January 14th, 2020 By Daniel Fisher in Blog.
Home sales in the Charlotte area reached a record high last year, even as buyers face higher prices and limited supply, according to new data released Monday from the Canopy Multiple Listing Services.
A total of 50,854 homes were sold last year, a 6% increase from the previous year and a record, according to the data. Thousands of residents have moved to Charlotte in recent years, adding to demand for homes. The previous record was reached in 2017, with 49,084 sales.
And a spate of corporate expansions announced last year, such as a global tech hub for Lowe’s and the merger of BB&T and SunTrust banks into Truist, could create even more competition for the dwindling number of homes for sale.
Because there are so few homes available, the uptick in sales means that homes are being snatched up faster.
“If a house is priced right and maintained well, it’s gone immediately,” said John Kindbom, president of the Canopy Realtor Association/MLS.
The region has just a 1.7-month supply of homes for sale, a decline from 2.4 months the year before. A healthy market should have a six-month supply of homes, experts say.

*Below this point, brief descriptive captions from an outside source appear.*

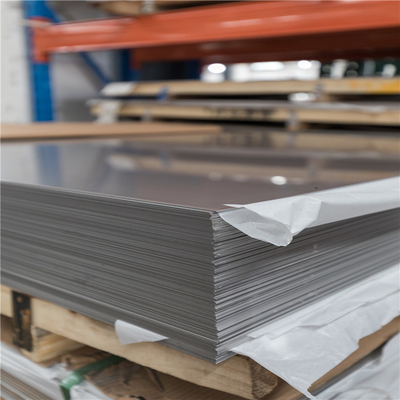 0.1 mm - 5.0 mm ΣΣ φύλλα 2205 για δοχεία υπό πίεση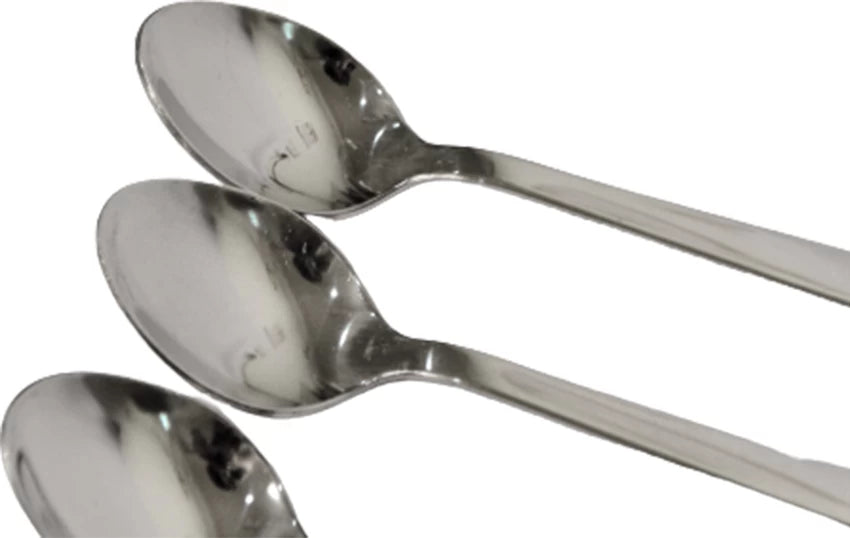 Chef Aid Stainless Steel Spoons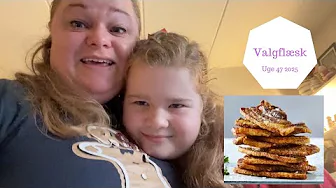 Vi spiser VALG FLÆSK på Valgaftenen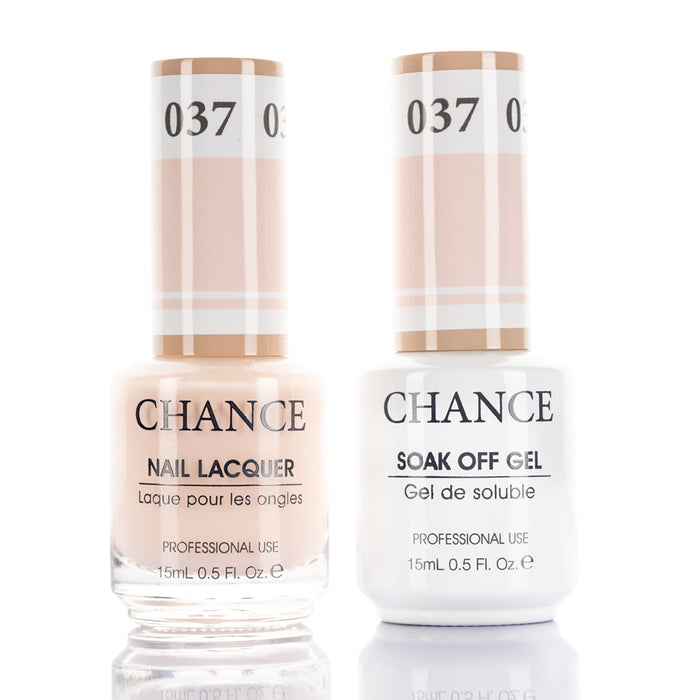 Chance Gel & Nail Lacquer Duo 0.5oz 037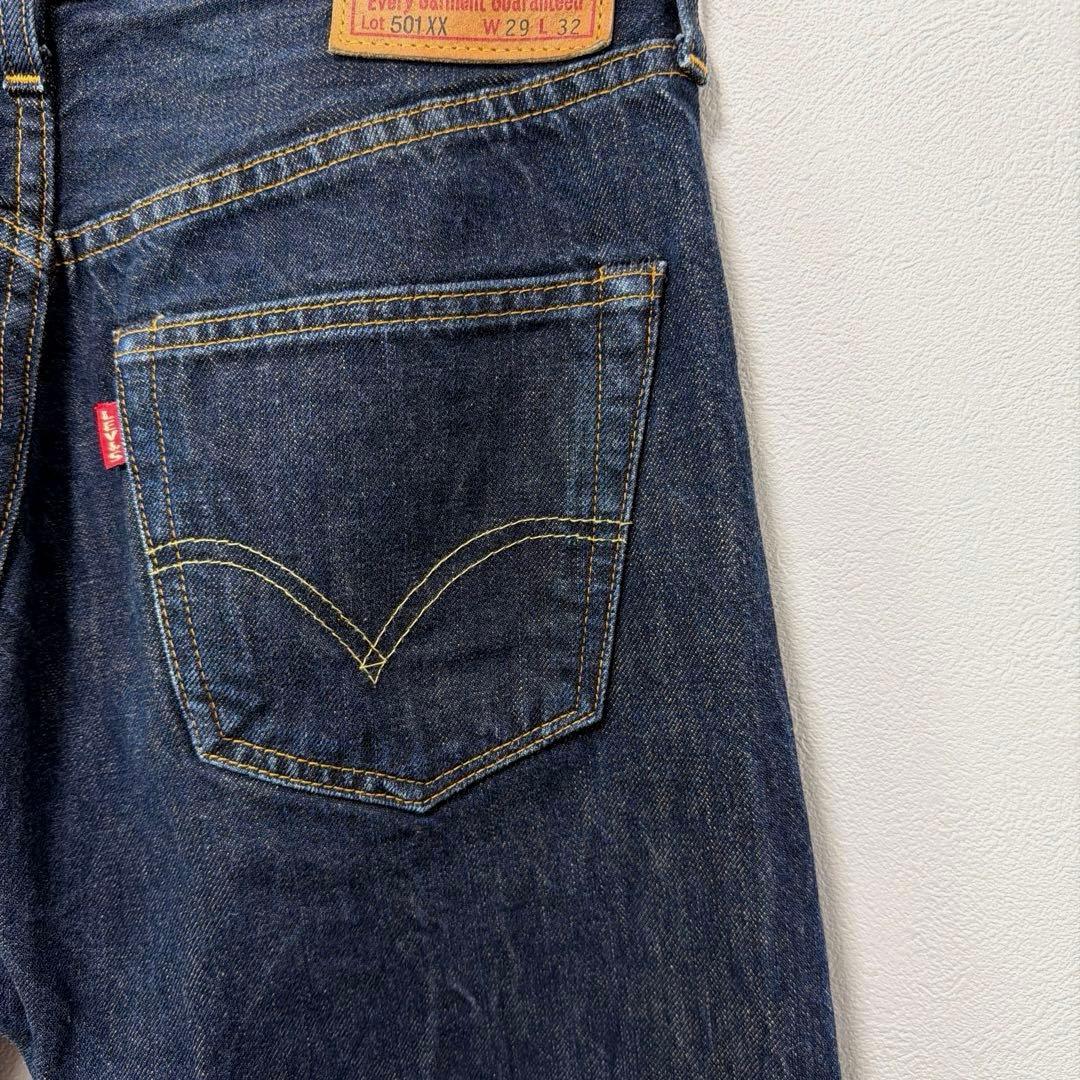 LEVI'S VINTAGE CLOTHING 501XX W29 トルコ製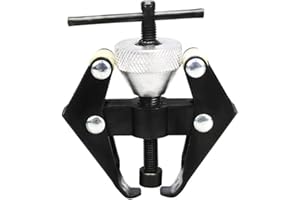 TSUGAMI Battery Terminal and Wiper Arm Puller, Heavy Duty Arm Bearing Remover Puller Tool, Windshield Wiper Repair Tool Kit 6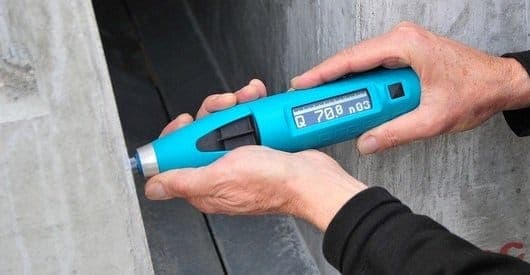 0710050012-Rebound Hammer Test Results Rebound Hammer Test Results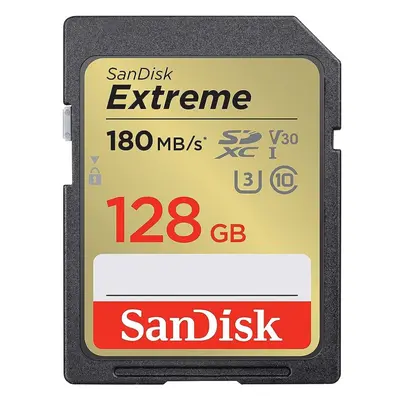 Sandisk SD Extreme Class UHSI (128GB, SDSDXVA-128G-GNCIN)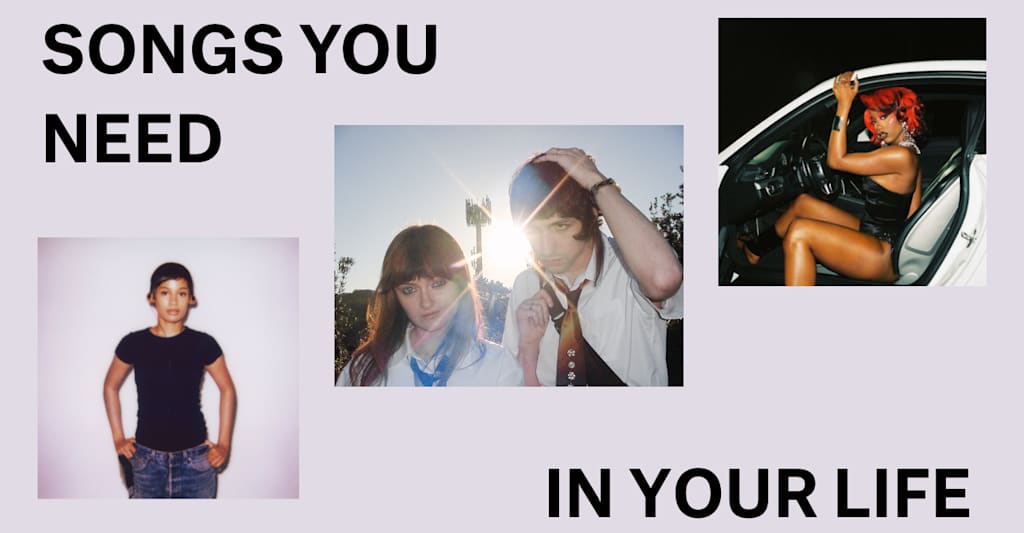 Ninajirachi and Porter Robinson’s “WannaCry” and other songs you need right now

That supply crunch has meant rising prices: the median sales price rose 7.1% to $255,000 last year.
AFFORDABLE HOMES SHORTAGE
The supply shortage is even more pronounced for affordable homes. There are only around 1,100 homes for sale priced under $190,000 in the 16-county region tracked by the MLS, according to an Observer analysis of the data.
Kindbom doesn’t expect that to change anytime soon, as new home construction has lagged.
“A lot of these major cities that have gone through this change, they are pricing people out of the market,” Kindbom said. “…That’s the danger going forward if we don’t come up with a solution for more affordable housing.”